His complete insecurity makes me take a step back from him. “What?” I stammer, shaking my head.
“I will not allow you to turn your back on me.” His blue eyes have gone almost black and I gulp. I can no longer defend myself against him. I’m not strong enough.
“I-I’m not,” I stutter.
“It sounds like that is exactly what you are doing,” he says quietly.
“No... Remiel...” I shake my head, but it does nothing to deter him. He keeps coming at me and I bump into the wall. I have nowhere else to go, so I do the only thing I can. I duck to the side causing him to stumble at my sudden, and unexpected move.
“Aefre,” he warns me.
“Remiel. It isn’t what you think. I am not leaving you.” I can hear the urgency in my own voice.
“I won’t let you,” he growls at me. “You will be my charge, by my side, or you won’t be at all.” He reaches out and pushes me, to my utter shock. I fall back, even my Vampire reflexes not being able to catch me, and I hit the floor with a loud thud.
I groan as I squeeze my eyes further shut.
“You arsehole,” I grumble. I can’t believe he pushed me! What is this, the fucking playground?
“What are you speaking?” a male’s voice grates out at me. The accent is thick, and the language is...
“What?” My eyes fly open. I am in a gloomy room, on a dirt floor, dressed in a coarse material that scratches my skin. “What?” I look up and then wheeze as the male’s foot connects with my ribs. Again, so it feels.
I turn my head to the side to retch as my eyes go blurry.
No.
No, no, no, no, no, no, no, no, no, no, no!
This isn’t happening.
“Radulf?” I croak out.
“Aefre.” His guttural voice makes my heart stop and without stopping to think about what will happen to me, I get myself onto my hands and knees.
It gets me a kick to the stomach, one that has me rolling over and retching again. I take this time to furiously think what the fuck has happened. Remiel seems to have pushed me through time. Unless I passed out and this is my worst nightmare. It feels real though. I grab my side and feel the bruises. Yes, it definitely feels real. But I don’t understand. How has this happened?
“You will be my charge, by my side, or you won’t be at all.” Has Remiel done this to me somehow? Pushed me through time to a place where I wasn’t a Vampire anymore? Not his and not Constantine’s?
“Fuck,” I mumble and get another kick in the ribs for my effort.
“Stop speaking,” Radulf growls at me.
“Fuck you,” I spit out, even though he has no idea what I am saying. I get my frail, human body back onto my hands and knees and then quickly onto my feet. I need the use of the old wooden chair to help me to my feet, my battered body about ready to collapse. But that will be the death of me. I glare at my first husband in utter hatred, gripping my side to keep me steady.
“Get down,” he says to me, pulling the leather strap off the wall.
“No,” I reply in the old language, sticking my chin up defiantly.
His eyebrows skyrocket at my audacity. “Get. Down!” he shouts at me.
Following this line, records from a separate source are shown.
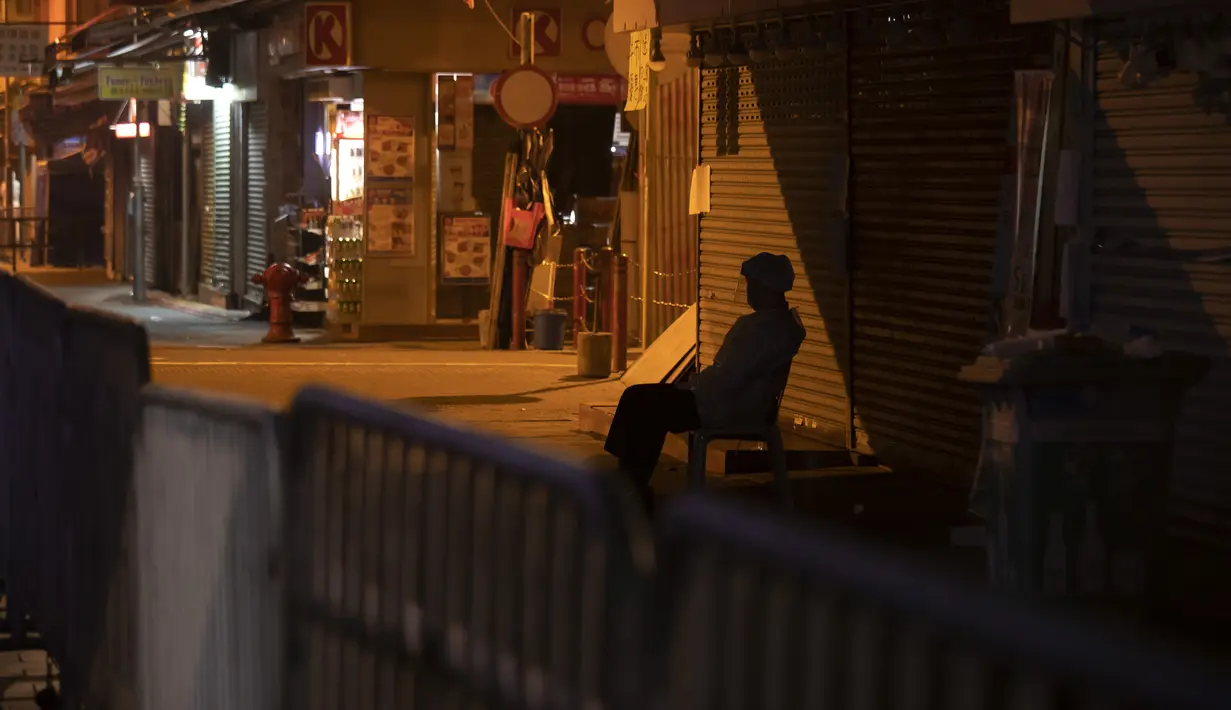 Seorang petugas kesehatan mengenakan APD berjaga di area tertutup di distrik Jordan, di Hong Kong, Minggu (24/1/2021). Penutupan wilayah itu dilakukan sementara Hong Kong menghadapi gelombang infeksi Covid-19 keempat dalam dua bulan.a(AP Photo/ Kin Cheung)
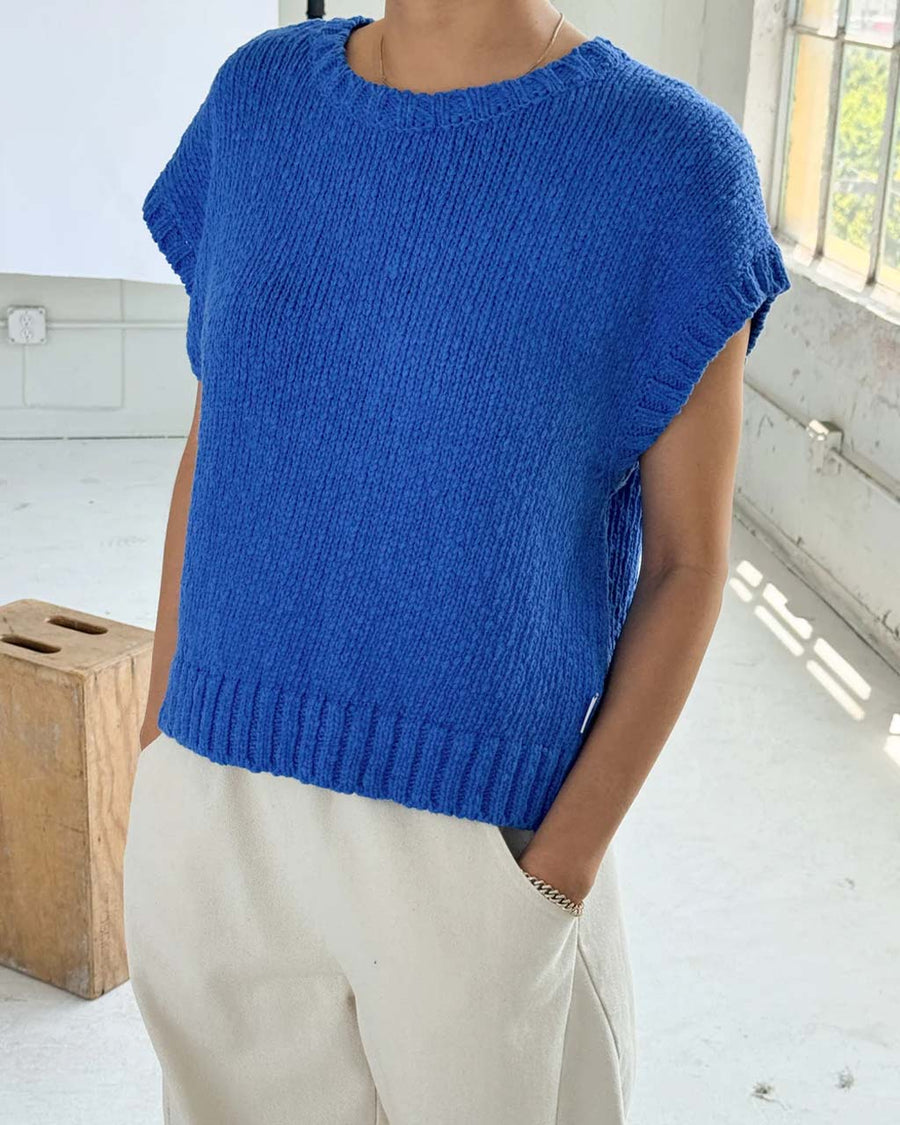 model wearing bright blue sweater top with slight cap sleeves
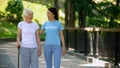 Female volunteer and senior patient with stick walking hospital garden, care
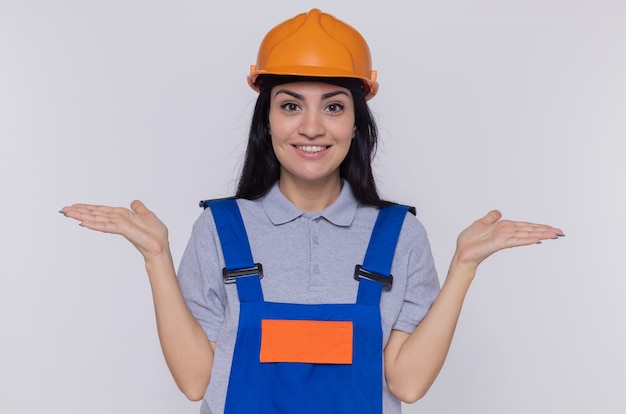 Młoda kobieta budowniczy w mundurze konstrukcyjnym i kasku ochronnym patrząc na przód uśmiechnięty, rozkładając ramiona na boki stojąc nad białą ścianą
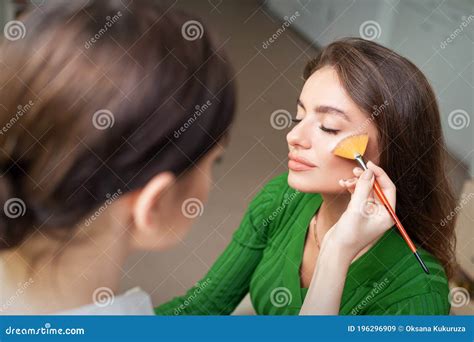 Make Up Artist Applying Professional Make Up Of Tonal Foundation Stock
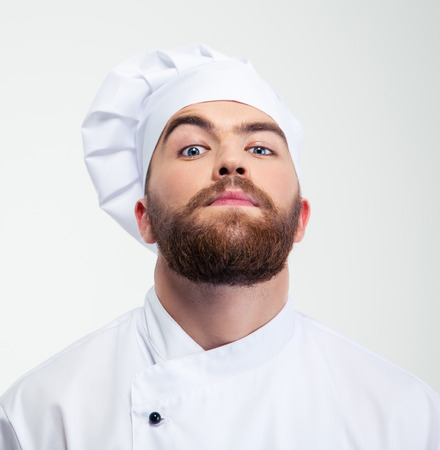 Portrait of a serious male chef cook looking at camera isolated on a white backgroundの写真素材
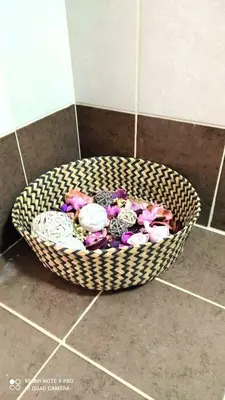 a basket filled with flowers on a bathroom floor at M&K house in Rhodes Town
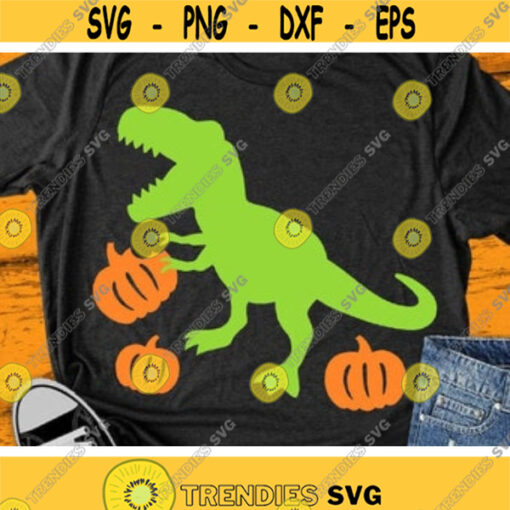 Dinosaur with Pumpkin Svg Fall T Rex Svg Dxf Eps Png Thanksgiving Cut Files Halloween Kids Shirt Svg Autumn Clipart Silhouette Cricut Design 794 .jpg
I shake my head, my eyes darting to find my escape route. If my body will allow me, I can duck off to the left and out of the door to run. To where? Who knows? But away from here. I inch closer to my exit, but he follows me, flicking the strap at me, taunting me with a vicious smirk on his ugly face.
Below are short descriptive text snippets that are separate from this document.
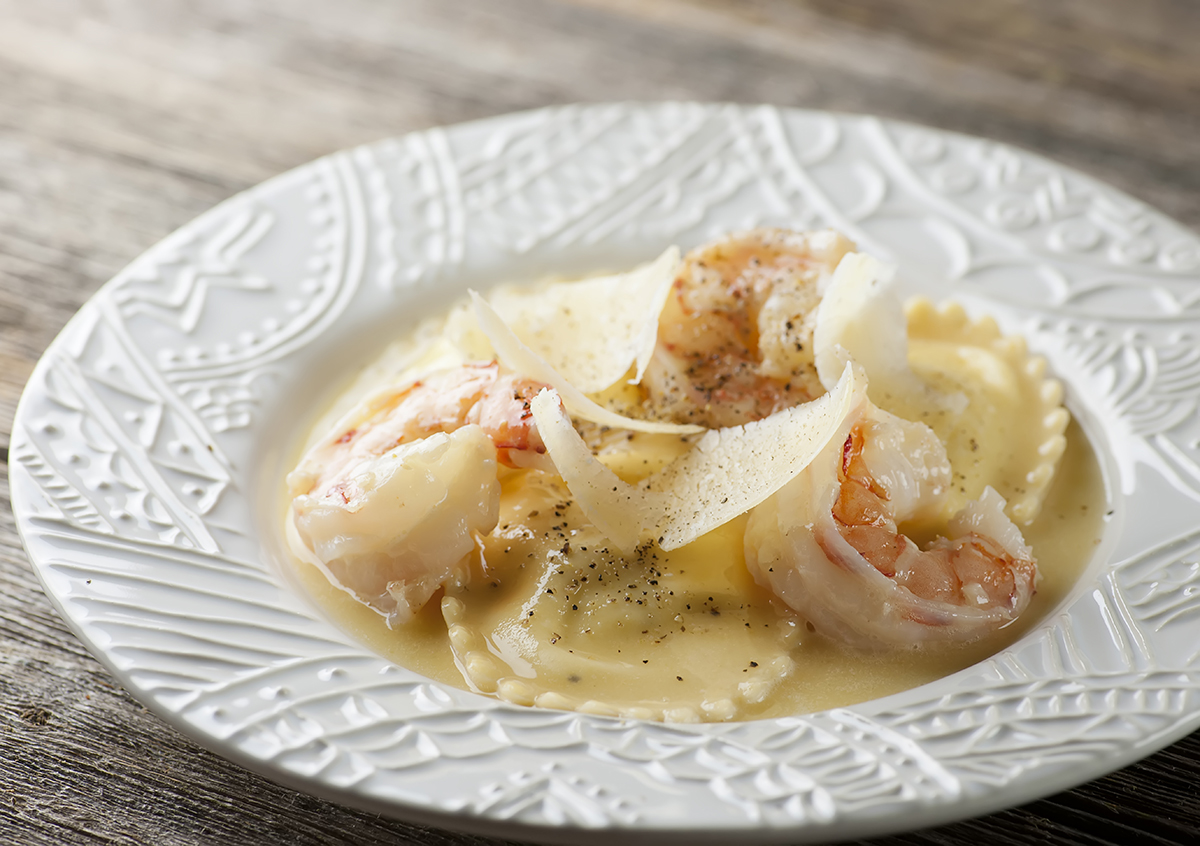 Shrimp scampi ravioli on a plate.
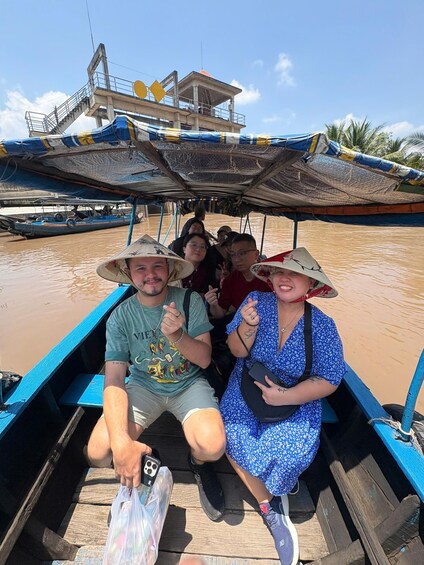 A group of people on a wooden boat with a blue canopy, floating on a river with a bridge in the background. 2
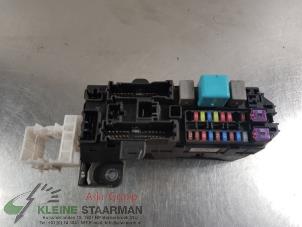 Used Fuse box Daihatsu Cuore (L251/271/276) 1.0 12V DVVT Price on request offered by Kleine Staarman B.V. Autodemontage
“Obey your husband,” he says, catching my backside with the strap.
I flinch but keep moving. “Never again,” I spit out and make a run for it. Surprise is the only thing on my side. I had forgotten how humungous he was, both tall and wide. In less than one stride he is in front of me, blocking my escape, but there is no way I am staying here. Thinking quickly, I kick him in the groin, and he drops like a rock to his knees, the look of shock and outrage crumpling his ogre-like looks. I hop on one bare foot as I have bruised my toes, but I have to run through the pain. I have to or he is going to kill me. Whether or not this is really real, I don’t want to die by his hand in this smelly hut, in this god-awful dress, with lice crawling in my hair. I scratch furiously as I kick him over and then I run. I wince as I stand on stones and things and slip in, I don’t want to know what. But nothing stops me. I run and run, out of breath, my body screaming in agony for me to stop, but I can’t. Running is the only thing I can do. If I stop, I die. It has boiled down to something as simple as that. Run and live or stop and die. I know which one I choose, regardless of whether my human body has the capability to keep me going much further. I know where I am going. I recognize it even after all these hundreds of years.
The Marketplace.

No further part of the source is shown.